What you need to do: Everything from the line containing "I Became a Human's" through the end of the entries below must be set down exactly, and nothing else.
***** Provided data *****
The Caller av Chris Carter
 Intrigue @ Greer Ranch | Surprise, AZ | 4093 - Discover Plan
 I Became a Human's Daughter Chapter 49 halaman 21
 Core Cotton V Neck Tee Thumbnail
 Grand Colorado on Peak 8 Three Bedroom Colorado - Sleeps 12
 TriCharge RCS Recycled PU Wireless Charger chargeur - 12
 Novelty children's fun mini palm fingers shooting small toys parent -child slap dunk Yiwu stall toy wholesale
*****
Answer to this problem:
 I Became a Human's Daughter Chapter 49 halaman 21
 Core Cotton V Neck Tee Thumbnail
 Grand Colorado on Peak 8 Three Bedroom Colorado - Sleeps 12
 TriCharge RCS Recycled PU Wireless Charger chargeur - 12
 Novelty children's fun mini palm fingers shooting small toys parent -child slap dunk Yiwu stall toy wholesale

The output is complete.